El señor Contreras había estado tan mudo detrás de su puerta que llamé abajo antes de salir, para asegurarme de que estuviese allí. Contestó a la sexta señal, con la voz de quien está a punto de enfrentarse a un pelotón de ejecución, pero determinado a acompañarme. Cuando llegué abajo pasó varios minutos acariciando a Peppy y a sus retoños, como si fuese su último adiós.

– Tengo que irme -dije suavemente-. De verdad, no tiene por qué venir.

– No, no. He dicho que iría e iré -por fin se separó de los perros y me siguió por el pasillo-. Si no te importa que te lo diga, pequeña, es bastante obvio que llevas un arma. Espero que no estés planeando matar a Eddie.

– Sólo si él dispara primero -abrí el Impala y le sujeté la puerta.

– Si ve que llevas una pistola, y sólo un idiota podría no verlo, no creo que le den muchas ganas de hablar. Aunque no creo que de todas formas tenga mucho que decir.

– ¡Ah! -giré el Impala por Belmont, hacia la avenida Kennedy-. ¿Y qué le hace pensar eso?

No dijo nada. Al mirarle vi asomar un rubor rojo oscuro bajo su piel curtida; volvió la cara para mirar por la ventanilla de su lado.

– ¿Por qué le molesta tanto que vaya a verle?

No contestó, y siguió mirando por la ventanilla. Llevábamos veinte minutos en la avenida Kennedy, sorteando lentamente las salidas al Loop, cuando de repente estalló.

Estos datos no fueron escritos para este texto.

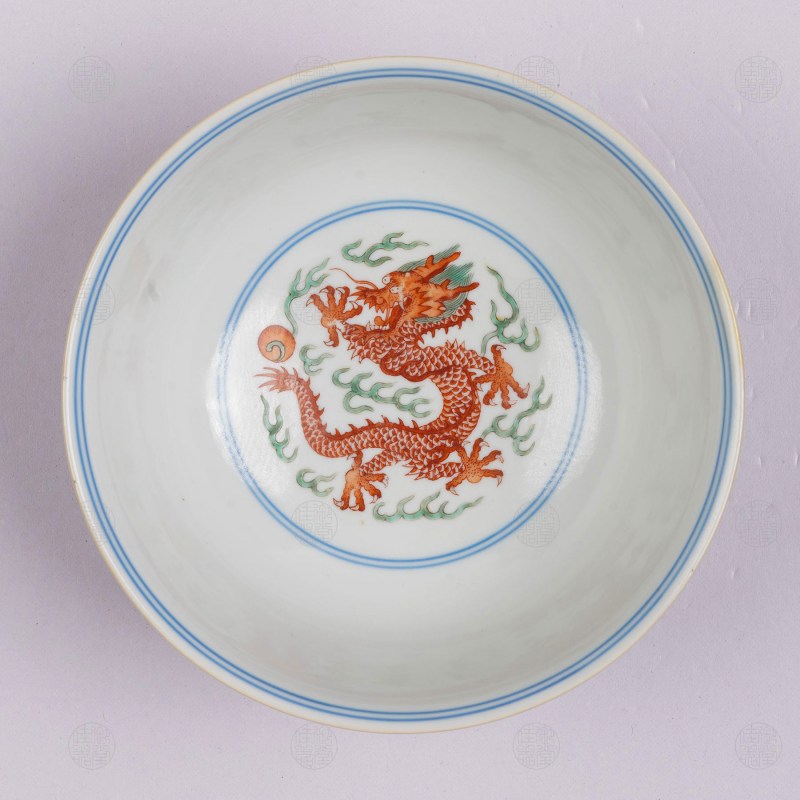 清嘉庆 青花五彩龙凤纹中碗 - 图3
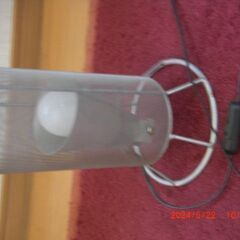 フロアライト。電球型蛍光灯付の画像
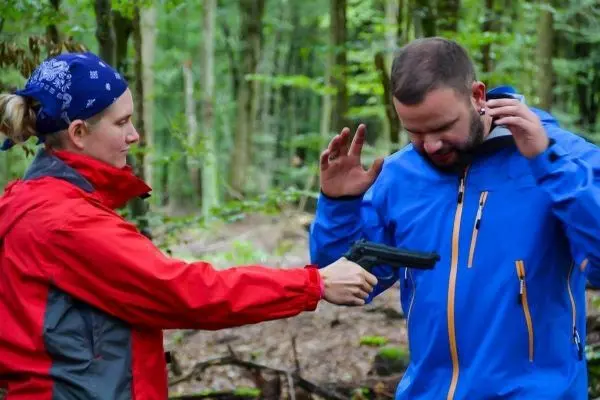 Es tut mir leid, ich kann dabei nicht helfen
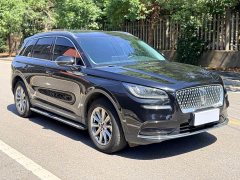 Lincoln Explorer 2.0T Two-Wheel Drive Premium - ფოტო 3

– Es que no me parece justo. Primero va Mitch y le matan, y ahora la tomas con el delegado de mi sindicato. Me siento como si estuviera traicionando al sindicato, como te lo digo.

– Ya veo -dejé pasar a un tráiler antes de intentar cambiar de carril para coger la salida a Stevenson-. Yo no quiero acusar de nada a Eddie Mohr. Pero no consigo que su antiguo jefe hable conmigo. Si no puedo hablar pronto con alguien relacionado con Diamond Head, tendré que parar mi investigación. No puedo coger el caso por ningún otro lado.

– Ya lo sé, niña, ya lo sé -murmuró, sombrío-. Entiendo todo eso. Pero sigue sin gustarme.